Yes, I will see him again…but not here.  Yes, I am grateful he is with his Savior, but I have empty arms here.  I know I will never understand God’s plans, but what about the plans we had, Grant had.  Yes, I know all things work together for good, that this will be used to work a grand goodness.  But we may not see that this side of Heaven, we may not see that here. We have heard a thousand times since Grant went to Heaven, “Praise God he is alive with Christ and you will see him again.” And I do praise God for that, everyday!!! Grieving without that, would truly be unbearable. It would be grieving without hope.

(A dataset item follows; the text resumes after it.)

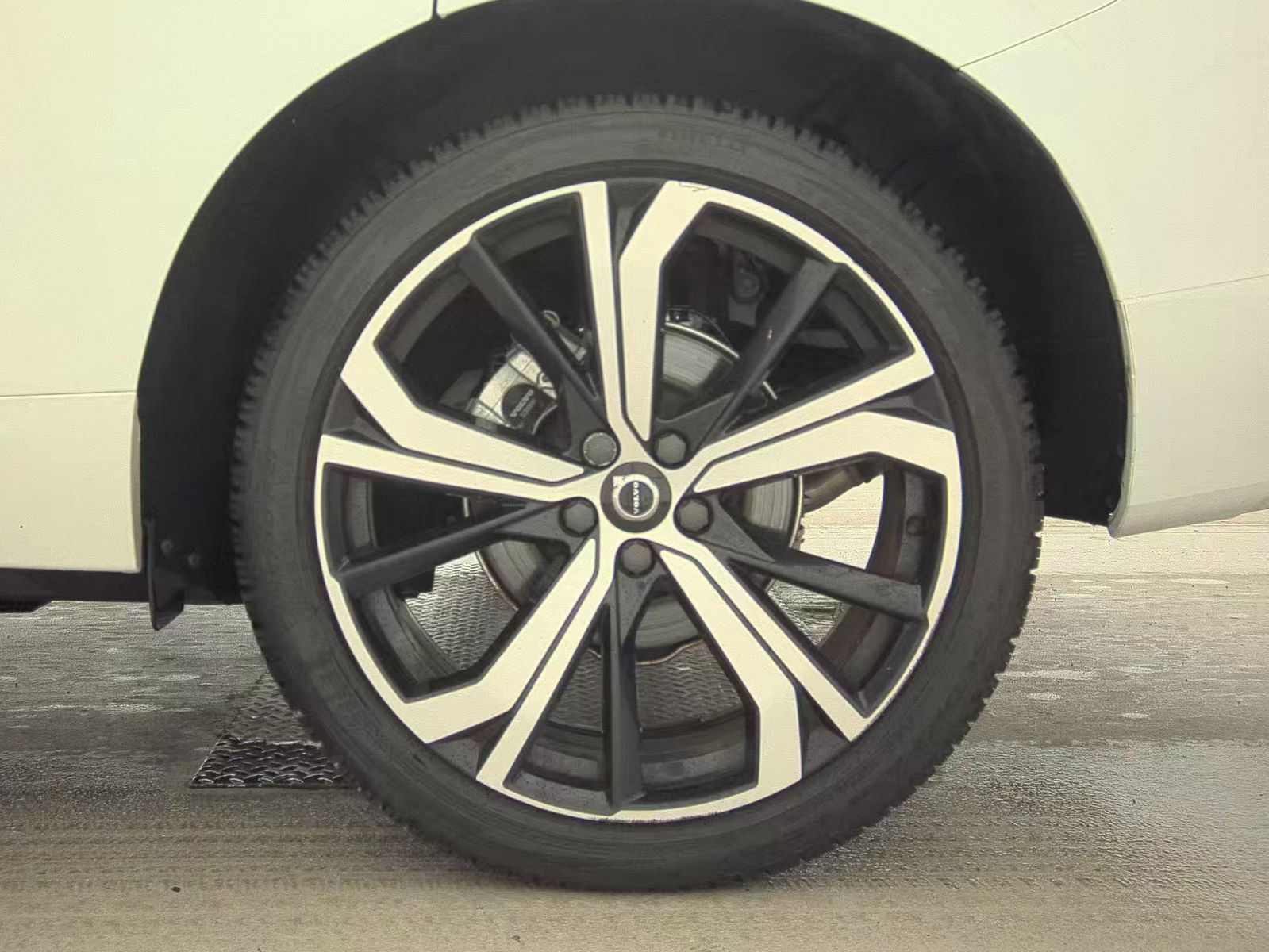 2024 Volvo XC60 B5 Ultimate AWD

I am truly not trying to be irreverent, Lord.  Jesus, you ask me to believe that death is not the end of life. And I do believe that, with all of my heart, soul, and mind, You know I do!  But death is the end of a life here! No more late night talks, no more surprise phone calls, no first loves, no wedding, no job promotions, no babies with Grant’s bright smile and soft brown eyes. There is an end with death. An end to life here, as we know it. Our normal, must become a new normal. Something we don’t recognize, something we never wanted. Death is indeed a thief. It does not have the final word, but it does rob us, indeed!

I believe, no, I know, Grant would not leave Heaven and come back to Earth, so he could have a ‘fulfilling life’ here, before going to his Heavenly home. I know in my heart what he has now for outweighs anything earth has to offer. I am confident he doesn’t miss the things he could have had here, or feel regret for not experiencing them. I know that in my heart.

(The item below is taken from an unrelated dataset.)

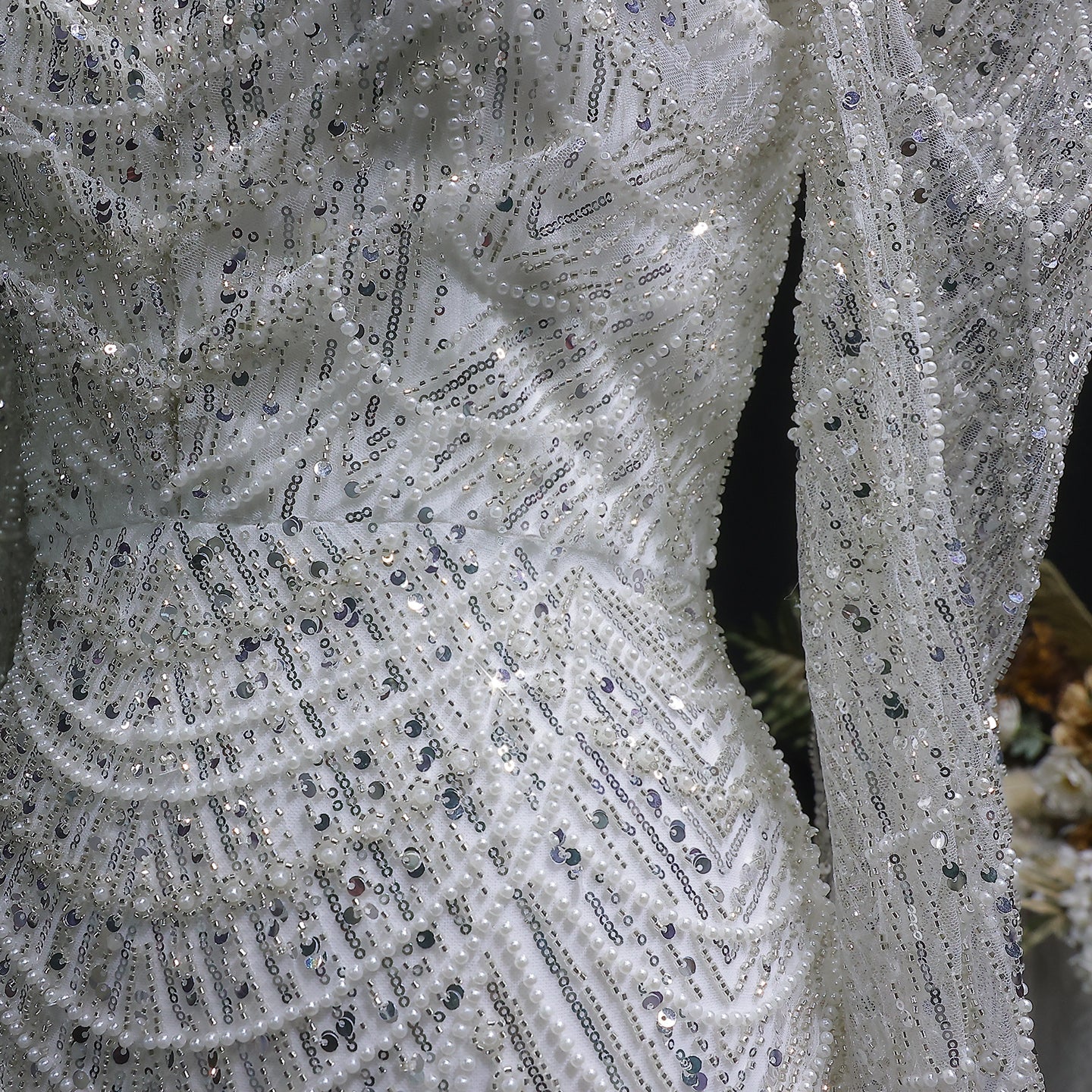 Luxury White Feather Evening Dress with Cape Sleeves SS683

But I have days that there is a disconnect between my head and my heart. The 12 inches from head to heart feels a mile apart. Days when I am tempted to feel bitterness about my lot, or tempted to be angry at God. Days when someone says, “at least you will be reunited in Heaven” and it feels like a thin silver lining to a massive black cloud. A consolation prize.

Why couldn’t we have had a full, long, rich life with Grant and then all meet up in Heaven? Why did it have to be this way? Why are we all left here trying to figure out the new normal living around the gap? The “why” list seems endless with a life of its own that seems to grow over time.

I don’t know the answers to these questions.  I probably never will this side of Heaven. And when I get there, it probably won’t even matter enough to ask. But I have to get there, to Heaven. And some days, Heaven just feels so far away. I have to live each day I have left here, without Grant, and with constant reminders of what could have been.

But I can rest, even without the answers, because I know the God who has the answers. Look to Him, Alisa. I can have peace, when I fix my eyes on the prize that’s coming. Lord, make what lies ahead so clear and so glorious that it heals and comforts this weary heart, and protects me from anger, distrust, and unbelief. Help me to be so grateful and consumed with those things, that it leaves no room for bitterness about the things that death stole from us here. Help me to press on toward the goal, the prize of the upward call…this is what will silence the “why” questions! Help me to lay down the “could have beens” that now lie behind, and rest today in what lies ahead.  I don’t know “why,” and probably never will. But I know You, and You know why, and that is truly what I need to know.

Philippians 3:13-14 …But one thing I do: forgetting what lies behind and straining forward to what lies ahead, I press on toward the goal for the prize of the upward call of God in Christ Jesus.